Data in this exercise START
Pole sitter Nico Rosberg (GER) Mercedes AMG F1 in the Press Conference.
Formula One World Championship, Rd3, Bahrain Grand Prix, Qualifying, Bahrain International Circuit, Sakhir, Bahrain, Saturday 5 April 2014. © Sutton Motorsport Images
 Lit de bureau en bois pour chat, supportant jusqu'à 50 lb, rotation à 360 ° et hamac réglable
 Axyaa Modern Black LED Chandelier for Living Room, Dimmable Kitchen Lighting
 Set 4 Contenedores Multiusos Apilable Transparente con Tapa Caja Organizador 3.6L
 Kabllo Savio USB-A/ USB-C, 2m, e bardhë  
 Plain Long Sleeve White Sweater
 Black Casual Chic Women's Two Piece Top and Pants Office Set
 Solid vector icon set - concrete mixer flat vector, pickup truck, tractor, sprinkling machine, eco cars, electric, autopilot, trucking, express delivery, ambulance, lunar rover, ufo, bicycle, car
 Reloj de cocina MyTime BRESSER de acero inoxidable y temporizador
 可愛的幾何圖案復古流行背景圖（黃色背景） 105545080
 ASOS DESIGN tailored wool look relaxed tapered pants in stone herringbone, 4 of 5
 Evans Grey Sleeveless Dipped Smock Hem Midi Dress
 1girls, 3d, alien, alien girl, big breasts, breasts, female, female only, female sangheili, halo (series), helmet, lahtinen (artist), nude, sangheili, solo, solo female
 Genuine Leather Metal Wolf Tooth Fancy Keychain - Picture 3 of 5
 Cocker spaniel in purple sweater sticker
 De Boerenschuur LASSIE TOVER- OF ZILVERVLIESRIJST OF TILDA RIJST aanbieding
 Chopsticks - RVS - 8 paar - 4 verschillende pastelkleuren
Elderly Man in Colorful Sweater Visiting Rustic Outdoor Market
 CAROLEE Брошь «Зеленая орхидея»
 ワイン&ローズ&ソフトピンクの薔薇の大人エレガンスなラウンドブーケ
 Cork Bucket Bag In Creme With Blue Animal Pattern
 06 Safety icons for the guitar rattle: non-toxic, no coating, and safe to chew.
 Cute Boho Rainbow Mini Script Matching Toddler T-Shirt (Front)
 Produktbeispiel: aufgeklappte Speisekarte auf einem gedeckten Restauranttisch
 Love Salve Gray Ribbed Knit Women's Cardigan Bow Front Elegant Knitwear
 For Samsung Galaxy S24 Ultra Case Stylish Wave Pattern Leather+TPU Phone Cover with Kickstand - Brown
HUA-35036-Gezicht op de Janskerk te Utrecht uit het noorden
Data in this exercise END
Task to complete:
Restate the records above verbatim up to and including the line containing "ワイン&ローズ&ソフトピンクの薔薇の大人エレガンスなラウンドブーケ".

Output for this exercise:
Pole sitter Nico Rosberg (GER) Mercedes AMG F1 in the Press Conference.
Formula One World Championship, Rd3, Bahrain Grand Prix, Qualifying, Bahrain International Circuit, Sakhir, Bahrain, Saturday 5 April 2014. © Sutton Motorsport Images
 Lit de bureau en bois pour chat, supportant jusqu'à 50 lb, rotation à 360 ° et hamac réglable
 Axyaa Modern Black LED Chandelier for Living Room, Dimmable Kitchen Lighting
 Set 4 Contenedores Multiusos Apilable Transparente con Tapa Caja Organizador 3.6L
 Kabllo Savio USB-A/ USB-C, 2m, e bardhë  
 Plain Long Sleeve White Sweater
 Black Casual Chic Women's Two Piece Top and Pants Office Set
 Solid vector icon set - concrete mixer flat vector, pickup truck, tractor, sprinkling machine, eco cars, electric, autopilot, trucking, express delivery, ambulance, lunar rover, ufo, bicycle, car
 Reloj de cocina MyTime BRESSER de acero inoxidable y temporizador
 可愛的幾何圖案復古流行背景圖（黃色背景） 105545080
 ASOS DESIGN tailored wool look relaxed tapered pants in stone herringbone, 4 of 5
 Evans Grey Sleeveless Dipped Smock Hem Midi Dress
 1girls, 3d, alien, alien girl, big breasts, breasts, female, female only, female sangheili, halo (series), helmet, lahtinen (artist), nude, sangheili, solo, solo female
 Genuine Leather Metal Wolf Tooth Fancy Keychain - Picture 3 of 5
 Cocker spaniel in purple sweater sticker
 De Boerenschuur LASSIE TOVER- OF ZILVERVLIESRIJST OF TILDA RIJST aanbieding
 Chopsticks - RVS - 8 paar - 4 verschillende pastelkleuren
Elderly Man in Colorful Sweater Visiting Rustic Outdoor Market
 CAROLEE Брошь «Зеленая орхидея»
 ワイン&ローズ&ソフトピンクの薔薇の大人エレガンスなラウンドブーケ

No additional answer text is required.